The same month, Al Dahra Agriculture, the Abu Dhabi-based agribusiness, said it was making a €300m investment in eight Serbian farming companies. The deal included upgrading of farming equipment and machinery and irrigation systems, along with the cultivation of wheat, barley, corn, soya beans, sugar beet and citrus fruit over an area of about 14,000 hectares of land.
Two months later, the Abu Dhabi Fund for Development approved a US$400m loan to Serbia to invest in irrigation and provide loans to farmers. Agriculture made up 20 per cent of Serbia's exports last year, a market the UAE is hoping to exploit for its food security needs.
Investments have also emerged in other areas. In January, the UAE and Serbia signed a €100m weapons deal and said they were considering a separate joint tie-up in the development of a guided surface-to-surface missile.
More could follow.
"Mubadala's visit is part of ongoing discussions across a range of sectors," said a spokesman for the Abu Dhabi Government-controlled strategic investment vehicle after the latest trip.

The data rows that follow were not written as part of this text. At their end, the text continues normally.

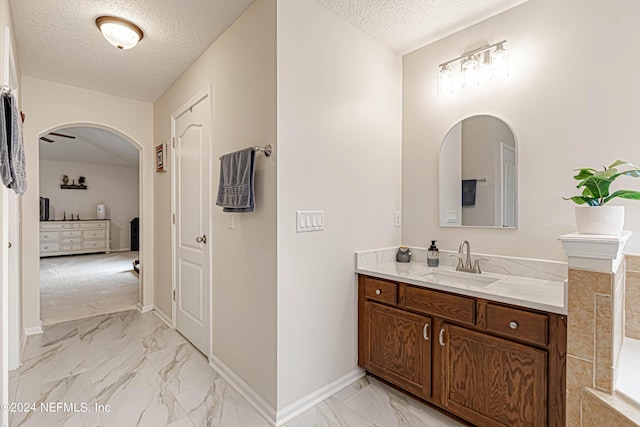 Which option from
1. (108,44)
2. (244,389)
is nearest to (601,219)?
(244,389)

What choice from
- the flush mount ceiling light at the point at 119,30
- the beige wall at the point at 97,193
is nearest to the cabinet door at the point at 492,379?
the flush mount ceiling light at the point at 119,30

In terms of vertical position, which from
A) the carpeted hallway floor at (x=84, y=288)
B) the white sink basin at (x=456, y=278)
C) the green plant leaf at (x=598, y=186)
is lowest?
the carpeted hallway floor at (x=84, y=288)

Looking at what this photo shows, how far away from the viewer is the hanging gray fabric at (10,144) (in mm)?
1439

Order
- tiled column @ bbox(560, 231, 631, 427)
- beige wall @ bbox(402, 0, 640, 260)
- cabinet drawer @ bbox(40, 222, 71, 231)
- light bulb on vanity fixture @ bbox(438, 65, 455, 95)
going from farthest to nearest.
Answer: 1. cabinet drawer @ bbox(40, 222, 71, 231)
2. light bulb on vanity fixture @ bbox(438, 65, 455, 95)
3. beige wall @ bbox(402, 0, 640, 260)
4. tiled column @ bbox(560, 231, 631, 427)

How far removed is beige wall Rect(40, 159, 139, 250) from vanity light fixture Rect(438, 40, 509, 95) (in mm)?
9860

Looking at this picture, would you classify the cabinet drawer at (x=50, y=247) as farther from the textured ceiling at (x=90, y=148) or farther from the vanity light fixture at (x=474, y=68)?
the vanity light fixture at (x=474, y=68)

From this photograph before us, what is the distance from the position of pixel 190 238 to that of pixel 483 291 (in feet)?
7.95

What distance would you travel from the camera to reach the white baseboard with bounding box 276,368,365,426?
1813mm

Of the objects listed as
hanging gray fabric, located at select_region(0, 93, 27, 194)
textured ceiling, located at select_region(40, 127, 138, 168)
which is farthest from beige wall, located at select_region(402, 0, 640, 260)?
textured ceiling, located at select_region(40, 127, 138, 168)

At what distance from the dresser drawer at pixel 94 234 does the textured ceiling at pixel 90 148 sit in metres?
1.97

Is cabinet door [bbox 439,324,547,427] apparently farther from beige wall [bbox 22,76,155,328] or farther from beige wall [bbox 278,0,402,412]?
beige wall [bbox 22,76,155,328]

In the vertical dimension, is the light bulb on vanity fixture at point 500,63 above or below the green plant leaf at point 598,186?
above

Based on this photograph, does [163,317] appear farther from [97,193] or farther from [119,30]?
[97,193]

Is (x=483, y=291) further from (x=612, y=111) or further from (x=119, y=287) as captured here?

The discussions surrounded semiconductors, renewables, property, aerospace and telecommunications, said Mr Vucic.
Serbia has been looking east to drum up investment from countries such as the UAE, Russia and China amid economic woes weighing on its traditional trading partners in the euro zone. The country is targeting a rebound from a double-dip recession this year with GDP expansion of 2 per cent.
But despite the sudden closeness in political ties between the UAE and Serbia, both sides insist business deals will happen only where they make commercial sense.

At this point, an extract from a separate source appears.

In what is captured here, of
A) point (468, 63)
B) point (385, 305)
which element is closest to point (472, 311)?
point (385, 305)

"The relationship between Serbia and Abu Dhabi is very strong. But the very clear guidance I got from my board was that unless you can make this work, don't do it," said James Hogan, the president and chief executive of Etihad Airways, speaking after it announced the carrier would invest up to $100m in relaunching Jat Airways as Air Serbia under a five-year management contract.
Mr Vucic shares a similar sentiment.
"Abu Dhabi is a true friend of Serbia, but Abu Dhabi companies have to make profit here," he said.